- Series
- Job Candidate Talk
- Time
- Tuesday, January 13, 2015 - 11:00am for 1 hour (actually 50 minutes)
- Location
- Skiles 006
- Speaker
- Johannes Lederer – Cornell University – http://www.johanneslederer.de/
- Organizer
- Vladimir Koltchinskii
High-dimensional statistics is the basis for analyzing large and complex
data sets that are generated by cutting-edge technologies in genetics,
neuroscience, astronomy, and many other fields. However, Lasso, Ridge
Regression, Graphical Lasso, and other standard methods in
high-dimensional statistics depend on tuning parameters that are
difficult to calibrate in practice. In this talk, I present two novel
approaches to overcome this difficulty. My first approach is based on a
novel testing scheme that is inspired by Lepski’s idea for bandwidth
selection in non-parametric statistics.

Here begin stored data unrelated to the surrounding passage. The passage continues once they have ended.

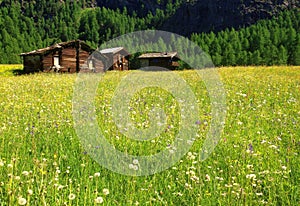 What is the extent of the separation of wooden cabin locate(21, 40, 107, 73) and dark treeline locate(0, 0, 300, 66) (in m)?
44.0

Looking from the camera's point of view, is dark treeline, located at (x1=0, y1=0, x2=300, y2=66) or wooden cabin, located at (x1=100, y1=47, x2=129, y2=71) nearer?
wooden cabin, located at (x1=100, y1=47, x2=129, y2=71)

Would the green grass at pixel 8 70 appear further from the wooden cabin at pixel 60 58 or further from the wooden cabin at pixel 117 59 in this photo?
the wooden cabin at pixel 117 59

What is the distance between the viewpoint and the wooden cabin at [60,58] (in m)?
40.9

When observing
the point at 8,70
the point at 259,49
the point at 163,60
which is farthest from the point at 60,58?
the point at 259,49

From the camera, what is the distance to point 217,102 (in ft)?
25.0

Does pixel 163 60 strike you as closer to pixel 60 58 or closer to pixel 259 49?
pixel 259 49

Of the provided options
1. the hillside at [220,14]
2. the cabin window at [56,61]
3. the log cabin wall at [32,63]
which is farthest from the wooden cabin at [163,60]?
the hillside at [220,14]

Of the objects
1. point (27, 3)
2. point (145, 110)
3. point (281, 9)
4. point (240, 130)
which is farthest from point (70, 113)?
point (27, 3)

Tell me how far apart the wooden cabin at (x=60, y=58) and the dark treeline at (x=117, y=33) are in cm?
4398

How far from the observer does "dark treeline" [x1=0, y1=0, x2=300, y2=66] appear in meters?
78.2

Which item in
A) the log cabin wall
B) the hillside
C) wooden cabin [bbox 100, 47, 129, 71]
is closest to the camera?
the log cabin wall

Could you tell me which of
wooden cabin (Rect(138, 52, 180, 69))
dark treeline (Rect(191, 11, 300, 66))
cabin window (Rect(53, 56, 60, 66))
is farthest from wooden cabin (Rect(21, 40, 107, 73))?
dark treeline (Rect(191, 11, 300, 66))

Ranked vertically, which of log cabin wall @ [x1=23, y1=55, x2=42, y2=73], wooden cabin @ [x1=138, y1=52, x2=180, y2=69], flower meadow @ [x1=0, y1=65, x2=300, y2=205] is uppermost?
wooden cabin @ [x1=138, y1=52, x2=180, y2=69]

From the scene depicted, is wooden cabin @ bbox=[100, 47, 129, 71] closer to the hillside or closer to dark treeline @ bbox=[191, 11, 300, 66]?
dark treeline @ bbox=[191, 11, 300, 66] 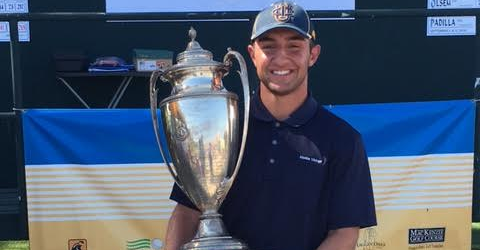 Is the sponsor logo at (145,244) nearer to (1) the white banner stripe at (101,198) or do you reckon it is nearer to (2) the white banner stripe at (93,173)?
(1) the white banner stripe at (101,198)

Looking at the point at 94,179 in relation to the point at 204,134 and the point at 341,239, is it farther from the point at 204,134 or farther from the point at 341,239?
the point at 341,239

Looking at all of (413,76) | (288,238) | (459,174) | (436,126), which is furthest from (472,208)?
(413,76)

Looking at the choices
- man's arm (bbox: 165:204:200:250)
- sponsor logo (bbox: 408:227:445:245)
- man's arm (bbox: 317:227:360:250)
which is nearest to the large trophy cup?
man's arm (bbox: 165:204:200:250)

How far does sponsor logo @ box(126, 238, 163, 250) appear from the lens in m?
3.24

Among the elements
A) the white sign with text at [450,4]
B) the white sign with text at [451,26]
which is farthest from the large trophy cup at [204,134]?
the white sign with text at [451,26]

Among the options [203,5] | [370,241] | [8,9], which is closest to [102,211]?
[370,241]

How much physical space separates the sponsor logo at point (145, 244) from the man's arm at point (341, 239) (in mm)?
1513

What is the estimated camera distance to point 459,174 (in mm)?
3336

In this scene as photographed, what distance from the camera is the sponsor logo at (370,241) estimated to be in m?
3.32

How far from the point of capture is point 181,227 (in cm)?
208

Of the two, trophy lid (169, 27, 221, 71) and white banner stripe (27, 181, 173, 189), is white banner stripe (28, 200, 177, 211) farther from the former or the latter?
trophy lid (169, 27, 221, 71)

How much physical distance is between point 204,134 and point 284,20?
0.44 metres

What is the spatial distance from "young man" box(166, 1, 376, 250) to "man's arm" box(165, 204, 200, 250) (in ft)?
0.61

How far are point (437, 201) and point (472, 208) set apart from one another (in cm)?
30
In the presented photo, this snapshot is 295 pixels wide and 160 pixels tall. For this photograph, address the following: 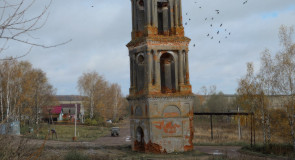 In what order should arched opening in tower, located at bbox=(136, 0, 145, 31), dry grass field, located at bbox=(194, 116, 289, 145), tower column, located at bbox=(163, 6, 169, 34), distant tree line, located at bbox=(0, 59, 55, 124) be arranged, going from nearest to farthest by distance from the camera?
tower column, located at bbox=(163, 6, 169, 34), arched opening in tower, located at bbox=(136, 0, 145, 31), dry grass field, located at bbox=(194, 116, 289, 145), distant tree line, located at bbox=(0, 59, 55, 124)

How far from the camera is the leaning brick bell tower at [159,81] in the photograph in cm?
1708

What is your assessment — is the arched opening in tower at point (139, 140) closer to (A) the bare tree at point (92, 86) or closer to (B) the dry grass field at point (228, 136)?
(B) the dry grass field at point (228, 136)

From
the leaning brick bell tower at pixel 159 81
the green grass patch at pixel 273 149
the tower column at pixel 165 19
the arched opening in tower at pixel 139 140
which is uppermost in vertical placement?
the tower column at pixel 165 19

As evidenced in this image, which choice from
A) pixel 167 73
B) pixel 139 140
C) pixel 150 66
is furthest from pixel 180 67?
pixel 139 140

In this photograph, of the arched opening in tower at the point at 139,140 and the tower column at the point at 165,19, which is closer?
the arched opening in tower at the point at 139,140

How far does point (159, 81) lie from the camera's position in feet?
57.8

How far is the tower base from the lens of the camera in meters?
16.9

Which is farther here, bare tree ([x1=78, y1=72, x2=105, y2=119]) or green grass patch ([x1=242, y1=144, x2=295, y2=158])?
bare tree ([x1=78, y1=72, x2=105, y2=119])

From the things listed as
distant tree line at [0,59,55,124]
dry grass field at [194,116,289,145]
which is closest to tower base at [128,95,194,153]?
dry grass field at [194,116,289,145]

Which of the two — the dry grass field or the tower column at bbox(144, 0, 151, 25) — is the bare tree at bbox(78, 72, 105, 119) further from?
the tower column at bbox(144, 0, 151, 25)

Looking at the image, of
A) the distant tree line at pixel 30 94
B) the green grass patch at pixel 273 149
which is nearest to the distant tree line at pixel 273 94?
the green grass patch at pixel 273 149

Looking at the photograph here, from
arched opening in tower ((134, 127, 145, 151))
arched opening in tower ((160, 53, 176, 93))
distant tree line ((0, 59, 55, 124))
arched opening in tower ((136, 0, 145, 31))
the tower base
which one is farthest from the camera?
distant tree line ((0, 59, 55, 124))

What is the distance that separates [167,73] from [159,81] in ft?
A: 6.15

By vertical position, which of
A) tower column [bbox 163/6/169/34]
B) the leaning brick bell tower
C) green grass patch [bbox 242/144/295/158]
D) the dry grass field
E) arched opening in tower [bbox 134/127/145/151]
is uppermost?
tower column [bbox 163/6/169/34] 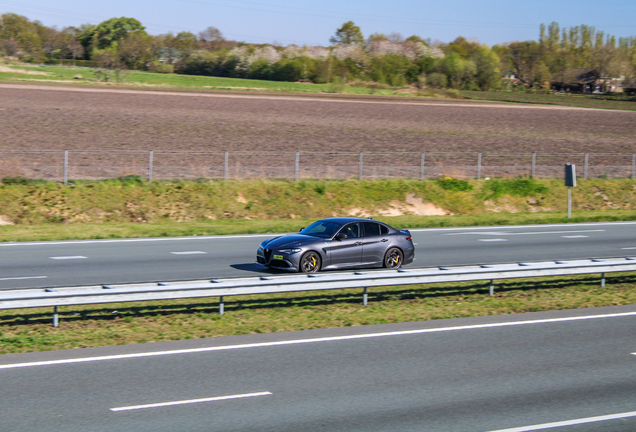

This approach provides tuning
parameter calibration for estimation and prediction with the Lasso and
other standard methods and is to date the only way to ensure high
performance, fast computations, and optimal finite sample guarantees. My
second approach is based on the minimization of an objective function
that avoids tuning parameters altogether. This approach provides
accurate variable selection in regression settings and, additionally,
opens up new possibilities for the estimation of gene regulation
networks, microbial ecosystems, and many other network structures.